Praised by the New York Times as “excellent”!, Ms. Morgan has performed as soloist in many major New York venues, including Alice Tully Hall, Merkin Hall, Society Hall, the Kociusko Foundation, Gallerie Icosahedron, and the New York Library for the Performing Arts. She has given solo performances at the Mendelssohn-Saal of the Leipzig Gewandhaus, Herbst Theatre in San Francisco, and with orchestras on both coasts, including the Oakland East-Bay Symphony, the Fremont Symphony, and the UCLA Symphony, and she has performed with the Mark Morris Dance Company. Ms. Morgan has appeared at numerous festivals including Tanglewood, Amelia Island, Aspen, Bowdoin, Pianofest, Festival of the Hamptons, and Rock Hotel International Pianofest, where she gave the world premiere of VAI!, by Pulitzer Prize winning composer Paul Moravec. Her performances have been broadcast on National German Radio, WQXR New York, and KDFC San Francisco.

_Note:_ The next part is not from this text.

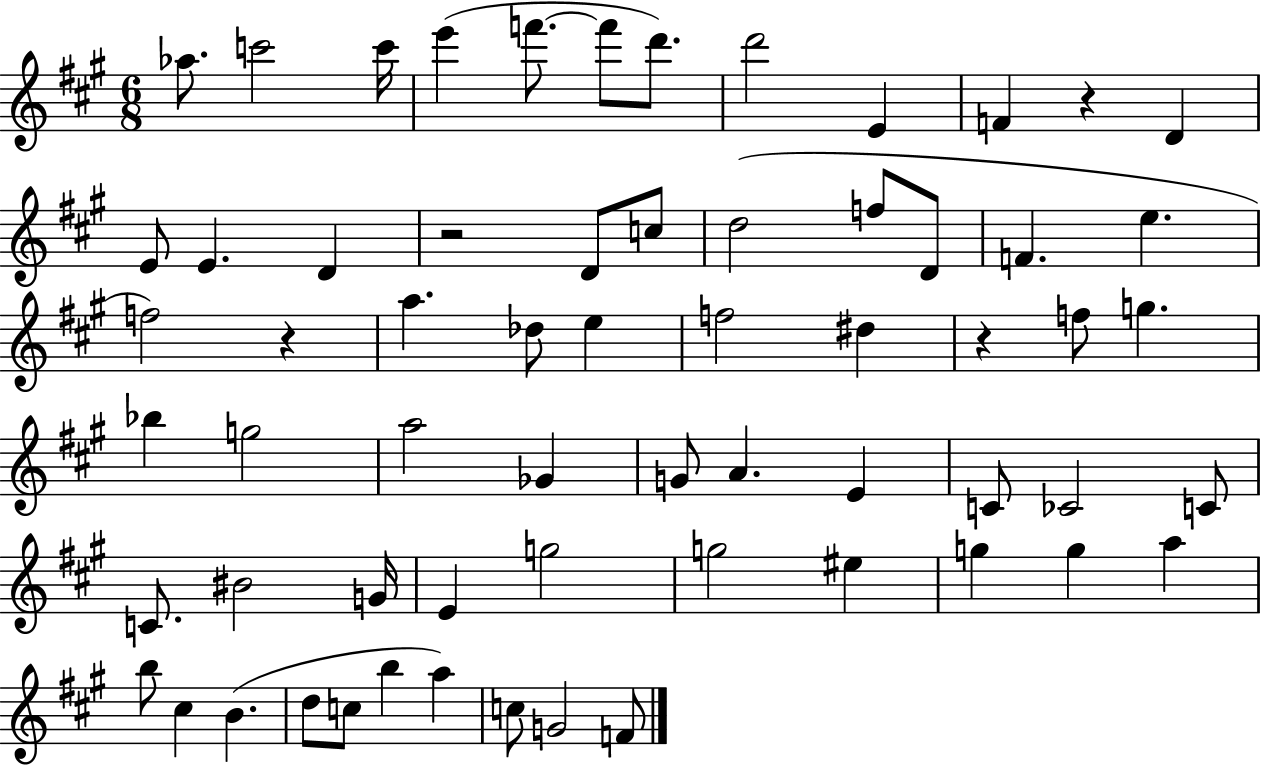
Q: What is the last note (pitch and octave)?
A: F4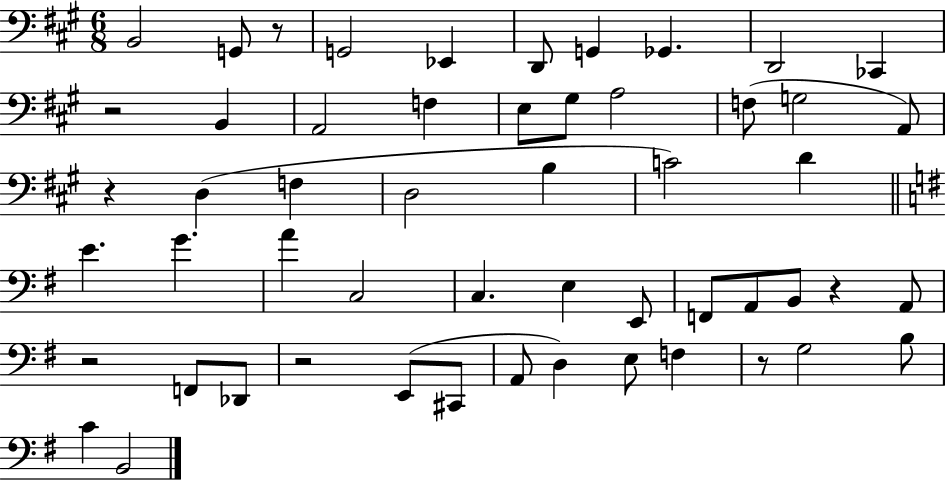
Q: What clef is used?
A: bass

In 2003, Ms. Morgan appeared on National Public Television as one of five featured students in an American Master’s Emmy Award winning documentary about Juilliard, which included excerpts of her performances of The Goldberg Variations and Chopin’s Second Ballade.

Ms. Morgan frequently gives recitals of musical works tied together by a common theme or idea, in which she introduces the pieces with commentary from the keyboard. In 2007, she gave the first performance of “The Virtuous Virtuoso,” a conversational recital of works that Jane Austen studied as an amateur keyboardist. (You can read more about the program here.) She has since performed the program in several states and at venues throughout Great Britain, often playing on pianos from the early nineteenth century. This season, she gives several performances of a program of works related to travel.

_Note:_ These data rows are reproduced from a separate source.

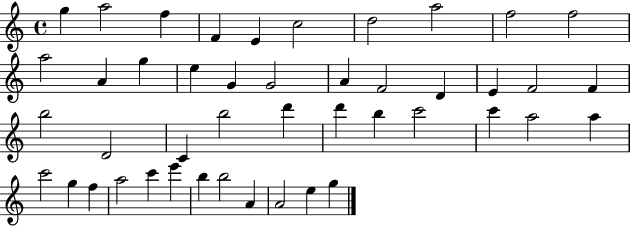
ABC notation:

X:1
T:Untitled
M:4/4
L:1/4
K:C
g a2 f F E c2 d2 a2 f2 f2 a2 A g e G G2 A F2 D E F2 F b2 D2 C b2 d' d' b c'2 c' a2 a c'2 g f a2 c' e' b b2 A A2 e g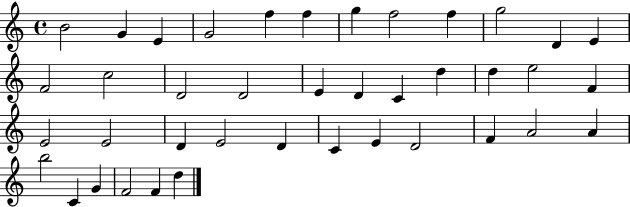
X:1
T:Untitled
M:4/4
L:1/4
K:C
B2 G E G2 f f g f2 f g2 D E F2 c2 D2 D2 E D C d d e2 F E2 E2 D E2 D C E D2 F A2 A b2 C G F2 F d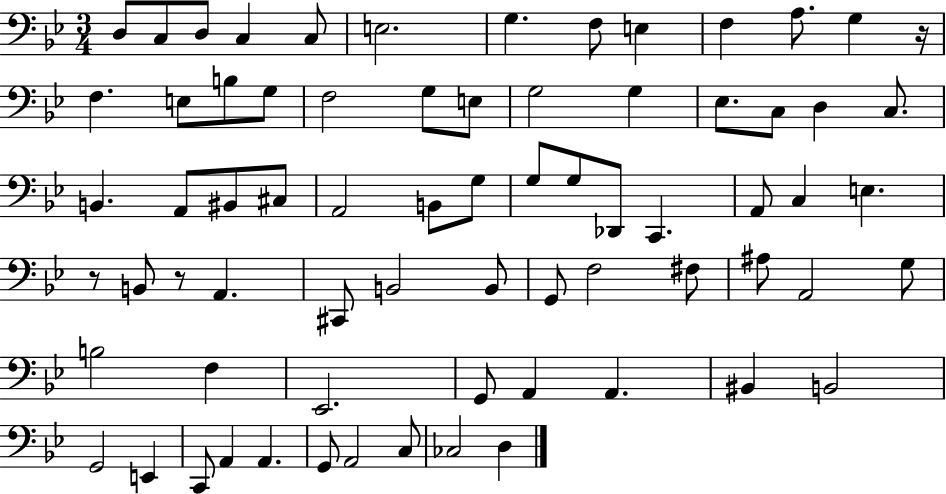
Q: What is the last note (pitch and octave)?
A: D3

Ms. Morgan's research and writing focus on music of the late eighteenth and early nineteenth centuries, particularly works for the keyboard and small ensembles. She is particularly interested in embodiment, virtuosity, music and gender, and performance studies.

A native of San Francisco, Ms. Morgan grew up studying piano with Sharon Mann. She was teaching assistant to David Dubal at The Juilliard School and radio host of Tuesday Morning Classical on WKCR, 89.9 FM, New York, for two years. Ms. Morgan graduated from the University of California, Los Angeles, in 2009 with a PhD in historical musicology and a DMA in piano performance. She lives in San Francisco.